Re: This is proper engineering
Not to dismiss this accomplishment, but we haven't had a man outside Earth's gravity well for over four decades now which is pretty sad considering how fast things were moving in the 60s.
Do you happen to remember the size of NASA's budget in the 1960s? It was 3-4% of GDP during the Apollo programme and has been less than 1% for most of the time since. And the Apollo programme had pretty much only one aim: get a man on the moon. NASA has since had to spread the cash around: space shuttle, space stations, Hubble, etc.
Even then manned spaceflight took up a disproportionate part of the budget as launching people means launching bigger spacecraft to accommodate them and the life support systems. So, the space shuttle continued to divert resources away from research throughout. But it's okay, because the budget has been cut since it was retired.
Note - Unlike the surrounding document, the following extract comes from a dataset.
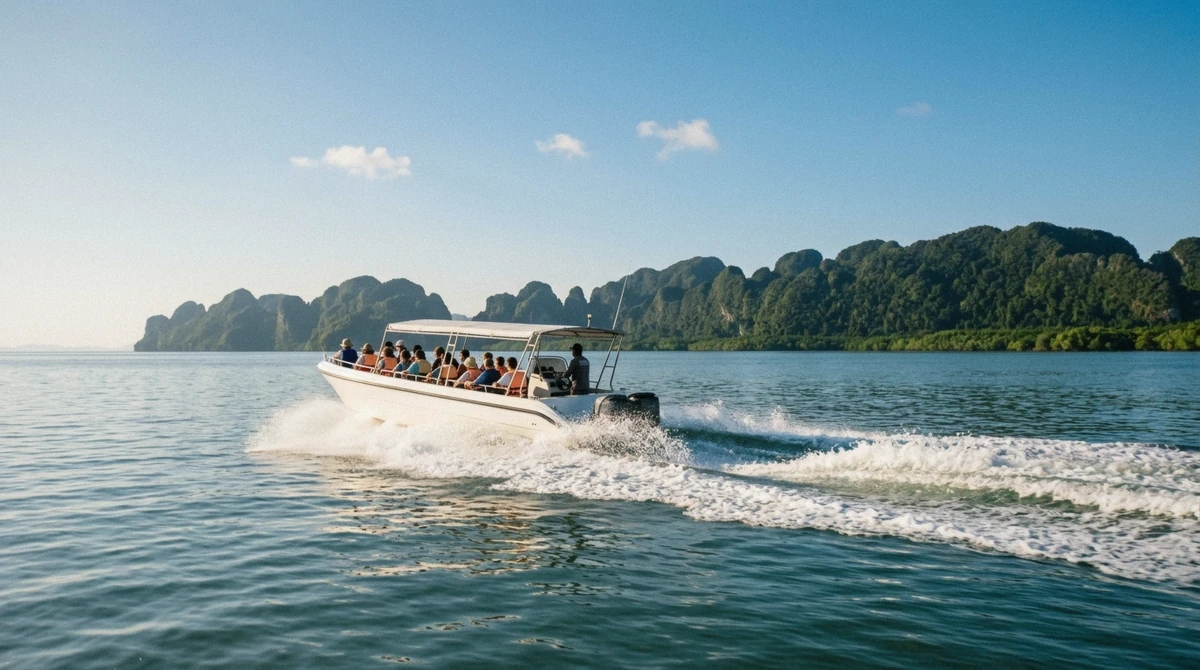 Speedboat crossing calm morning water near Phuket with passengers in life jackets, illustrating the flag system and life jacket rules covered in this Phuket boat tour safety guide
Of course, once in orbit you can go pretty much anywhere, as the Voyager probes have amply demonstrated. But it's a matter of diminishing returns for various reasons: firstly, it takes a very long time to get anywhere; secondly, even when you do get somewhere, Shannon's law and power supplies severely limit how much research can be done and how much data can be communicated; thirdly, space is a very hostile environment viz. the number of failed launches or deployments (Venus and Mars have been particularly cruel). The last is one of the reasons why older but more reliable computer hardware is used. Missions routinely launch with technology which was outdated at launch, but can reasonably be expected to still be working at the end of the mission. I remember hardware from the early 1990s and it was not particularly fast. We all have mobile phones with more oomph.
So, given everything stacked against it, I think space exploration continues to make extraordinary strides. Rosetta, this probe and, Spirt, Opportunity and Curiosity continue to impress.